The Pebble Partnership plans to spend $80 million this year on advancing its proposed mine in Alaska’s Bristol Bay.

The proposed Pebble Mine, 200 miles southwest of Anchorage, is estimated to hold 81 billion pounds of copper, 107 million ounces of gold and 5 billion pounds of molybdenum, and is said to be one of the largest such deposits in the world. However, the location of the proposed massive open-pit mine — near the breeding grounds of the fertile Bristol Bay salmon fishery — has led to intense scrutiny by opponents of the mine who say it would damage salmon streams that are important both commercially and culturally to the region.

The Pebble Partnership is 50-50 venture between global mining companies Anglo American and Northern Dynasty. Last year, the Pebble Partnership spent $107 million on preparing the permit application for the proposed mine. To date, the partnership has spent $680 million steering the project toward development.

The $80 million spent this year will come from Anglo American, due to the way the joint venture is structured, said Mike Heatwole, Pebble Partnership spokesperson. This year’s funds will be spent with the goal of developing an overall project description and toward initiating the National Environmental Policy Act (NEPA) permit process.
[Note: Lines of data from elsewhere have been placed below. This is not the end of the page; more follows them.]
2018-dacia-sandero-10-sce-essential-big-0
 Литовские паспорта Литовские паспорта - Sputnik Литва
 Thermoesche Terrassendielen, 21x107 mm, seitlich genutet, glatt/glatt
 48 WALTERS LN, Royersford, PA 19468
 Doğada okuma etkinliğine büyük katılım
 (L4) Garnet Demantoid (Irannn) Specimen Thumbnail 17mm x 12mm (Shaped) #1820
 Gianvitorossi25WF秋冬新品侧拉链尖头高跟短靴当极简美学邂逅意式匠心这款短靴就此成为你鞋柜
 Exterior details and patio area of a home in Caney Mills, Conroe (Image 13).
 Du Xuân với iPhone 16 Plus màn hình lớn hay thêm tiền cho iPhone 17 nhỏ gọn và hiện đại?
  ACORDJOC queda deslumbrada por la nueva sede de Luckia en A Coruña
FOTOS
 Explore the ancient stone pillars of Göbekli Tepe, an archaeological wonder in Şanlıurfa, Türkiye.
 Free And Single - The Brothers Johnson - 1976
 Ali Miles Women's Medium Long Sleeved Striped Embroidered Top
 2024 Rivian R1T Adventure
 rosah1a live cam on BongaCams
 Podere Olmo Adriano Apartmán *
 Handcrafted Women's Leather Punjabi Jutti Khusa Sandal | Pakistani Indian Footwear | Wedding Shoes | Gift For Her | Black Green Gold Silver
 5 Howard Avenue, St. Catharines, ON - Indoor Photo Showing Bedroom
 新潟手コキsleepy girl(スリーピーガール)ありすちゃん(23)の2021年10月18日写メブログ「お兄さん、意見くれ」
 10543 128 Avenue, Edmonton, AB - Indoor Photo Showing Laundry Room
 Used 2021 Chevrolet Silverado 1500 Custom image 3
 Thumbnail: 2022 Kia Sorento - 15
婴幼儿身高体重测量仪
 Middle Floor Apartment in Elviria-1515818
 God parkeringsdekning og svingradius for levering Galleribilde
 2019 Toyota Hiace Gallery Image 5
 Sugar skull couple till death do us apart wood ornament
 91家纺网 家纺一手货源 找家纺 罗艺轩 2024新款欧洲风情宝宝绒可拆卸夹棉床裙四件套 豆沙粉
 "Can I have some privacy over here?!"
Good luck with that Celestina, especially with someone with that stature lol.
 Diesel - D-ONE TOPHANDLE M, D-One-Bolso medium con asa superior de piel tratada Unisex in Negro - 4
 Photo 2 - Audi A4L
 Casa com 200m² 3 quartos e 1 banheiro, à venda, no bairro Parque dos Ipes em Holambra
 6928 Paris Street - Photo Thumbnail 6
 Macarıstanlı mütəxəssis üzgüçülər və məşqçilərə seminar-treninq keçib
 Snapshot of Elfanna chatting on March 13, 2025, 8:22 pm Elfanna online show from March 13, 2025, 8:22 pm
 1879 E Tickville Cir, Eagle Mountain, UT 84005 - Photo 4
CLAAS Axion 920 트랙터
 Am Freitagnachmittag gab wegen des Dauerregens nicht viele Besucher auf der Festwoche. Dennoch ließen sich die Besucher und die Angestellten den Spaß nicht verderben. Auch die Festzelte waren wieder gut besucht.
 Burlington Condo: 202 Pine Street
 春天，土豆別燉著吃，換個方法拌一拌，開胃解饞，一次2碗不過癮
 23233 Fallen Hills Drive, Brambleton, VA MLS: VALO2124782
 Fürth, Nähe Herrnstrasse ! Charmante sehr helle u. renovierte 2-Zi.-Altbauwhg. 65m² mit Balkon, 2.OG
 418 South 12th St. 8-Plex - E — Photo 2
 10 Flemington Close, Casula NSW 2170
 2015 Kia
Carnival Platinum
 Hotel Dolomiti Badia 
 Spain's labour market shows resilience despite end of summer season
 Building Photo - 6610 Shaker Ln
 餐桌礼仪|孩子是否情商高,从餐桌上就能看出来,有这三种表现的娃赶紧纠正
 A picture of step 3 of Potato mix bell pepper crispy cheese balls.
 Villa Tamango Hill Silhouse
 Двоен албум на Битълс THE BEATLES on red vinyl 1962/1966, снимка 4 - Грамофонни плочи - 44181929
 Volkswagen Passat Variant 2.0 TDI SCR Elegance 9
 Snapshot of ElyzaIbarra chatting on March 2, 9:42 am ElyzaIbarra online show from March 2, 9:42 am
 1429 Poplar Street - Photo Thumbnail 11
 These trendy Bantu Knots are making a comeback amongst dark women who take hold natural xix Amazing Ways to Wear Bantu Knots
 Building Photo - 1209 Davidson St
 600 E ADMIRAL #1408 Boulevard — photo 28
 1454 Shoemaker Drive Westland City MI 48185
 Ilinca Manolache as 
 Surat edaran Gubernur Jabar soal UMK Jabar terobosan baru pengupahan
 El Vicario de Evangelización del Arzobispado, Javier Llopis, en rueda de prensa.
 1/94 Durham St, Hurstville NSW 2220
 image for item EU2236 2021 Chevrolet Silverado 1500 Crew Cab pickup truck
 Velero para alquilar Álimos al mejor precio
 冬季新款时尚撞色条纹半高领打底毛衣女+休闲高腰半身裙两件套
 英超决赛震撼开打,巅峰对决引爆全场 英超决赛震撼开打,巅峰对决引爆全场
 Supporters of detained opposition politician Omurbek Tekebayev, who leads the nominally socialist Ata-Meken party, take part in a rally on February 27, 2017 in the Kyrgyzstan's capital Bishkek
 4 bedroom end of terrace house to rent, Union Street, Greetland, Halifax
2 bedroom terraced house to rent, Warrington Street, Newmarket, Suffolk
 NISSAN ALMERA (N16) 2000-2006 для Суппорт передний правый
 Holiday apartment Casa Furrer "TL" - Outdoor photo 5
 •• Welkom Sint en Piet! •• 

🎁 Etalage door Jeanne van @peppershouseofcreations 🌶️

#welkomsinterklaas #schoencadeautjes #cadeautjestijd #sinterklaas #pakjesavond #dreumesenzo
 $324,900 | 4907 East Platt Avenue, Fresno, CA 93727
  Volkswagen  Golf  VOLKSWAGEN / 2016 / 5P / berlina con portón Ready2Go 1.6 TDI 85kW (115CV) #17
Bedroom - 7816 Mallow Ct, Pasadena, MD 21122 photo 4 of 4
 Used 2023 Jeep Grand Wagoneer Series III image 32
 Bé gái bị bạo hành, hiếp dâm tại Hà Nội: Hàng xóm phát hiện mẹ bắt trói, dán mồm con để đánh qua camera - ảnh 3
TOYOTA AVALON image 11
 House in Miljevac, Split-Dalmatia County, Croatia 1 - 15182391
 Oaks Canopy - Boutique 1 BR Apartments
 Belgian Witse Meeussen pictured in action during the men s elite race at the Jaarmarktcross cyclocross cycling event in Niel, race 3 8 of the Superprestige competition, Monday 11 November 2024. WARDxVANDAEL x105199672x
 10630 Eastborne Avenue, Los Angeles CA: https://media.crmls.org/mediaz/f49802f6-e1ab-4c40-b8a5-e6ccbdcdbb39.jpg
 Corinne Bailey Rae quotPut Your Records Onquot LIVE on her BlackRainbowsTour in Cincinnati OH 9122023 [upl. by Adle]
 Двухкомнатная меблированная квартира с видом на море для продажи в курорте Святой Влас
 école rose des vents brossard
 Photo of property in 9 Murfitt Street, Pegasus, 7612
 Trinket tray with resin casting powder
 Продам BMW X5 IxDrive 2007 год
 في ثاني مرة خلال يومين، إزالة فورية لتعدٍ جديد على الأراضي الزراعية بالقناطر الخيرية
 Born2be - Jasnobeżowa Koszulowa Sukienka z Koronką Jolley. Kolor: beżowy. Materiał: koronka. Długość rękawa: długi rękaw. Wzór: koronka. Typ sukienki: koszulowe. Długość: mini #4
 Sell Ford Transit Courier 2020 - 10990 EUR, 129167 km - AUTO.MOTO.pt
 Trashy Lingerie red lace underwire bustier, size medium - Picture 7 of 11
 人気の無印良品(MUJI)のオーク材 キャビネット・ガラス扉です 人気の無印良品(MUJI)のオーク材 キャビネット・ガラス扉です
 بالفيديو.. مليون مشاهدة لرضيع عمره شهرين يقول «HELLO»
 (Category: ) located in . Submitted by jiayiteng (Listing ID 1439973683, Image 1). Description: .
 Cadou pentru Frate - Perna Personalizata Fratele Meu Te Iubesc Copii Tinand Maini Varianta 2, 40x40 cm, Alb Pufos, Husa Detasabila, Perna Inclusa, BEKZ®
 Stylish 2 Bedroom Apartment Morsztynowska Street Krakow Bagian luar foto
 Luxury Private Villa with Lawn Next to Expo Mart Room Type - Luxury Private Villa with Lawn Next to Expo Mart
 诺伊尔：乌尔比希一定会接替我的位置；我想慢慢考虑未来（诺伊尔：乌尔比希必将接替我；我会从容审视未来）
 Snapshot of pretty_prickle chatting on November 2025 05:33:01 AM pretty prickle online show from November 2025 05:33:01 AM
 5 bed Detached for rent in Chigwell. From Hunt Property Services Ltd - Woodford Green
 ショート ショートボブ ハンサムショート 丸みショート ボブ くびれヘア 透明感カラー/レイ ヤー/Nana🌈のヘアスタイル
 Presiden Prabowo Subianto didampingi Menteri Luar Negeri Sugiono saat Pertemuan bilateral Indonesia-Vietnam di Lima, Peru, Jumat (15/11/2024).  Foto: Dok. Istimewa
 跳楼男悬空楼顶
NEPA permitting represents “the very beginning” of a years-long quest to collect more than 60 permits and approvals from various federal and state agencies, all required before the mine can proceed, Heatwole said.

Four categories of spending on an ‘Alaska challenge’

The Pebble Partnership plans to spend the $80 million across four different categories of study.

First, a portion of the money will go toward engineering studies to assess how to get the minerals at the Pebble deposit out of the ground and on to market, including what is needed in terms of infrastructure and energy. Engineering challenges could almost be classified as an “Alaska challenge,” Heatwole said. “You have a resource that’s in a remote location, and there’s no infrastructure.”

That infrastructure would include a power plant, roads, and dam to support what would be the largest mine in Alaska. The engineering studies are “a very complex bit of work,” and have been going on for years, he said.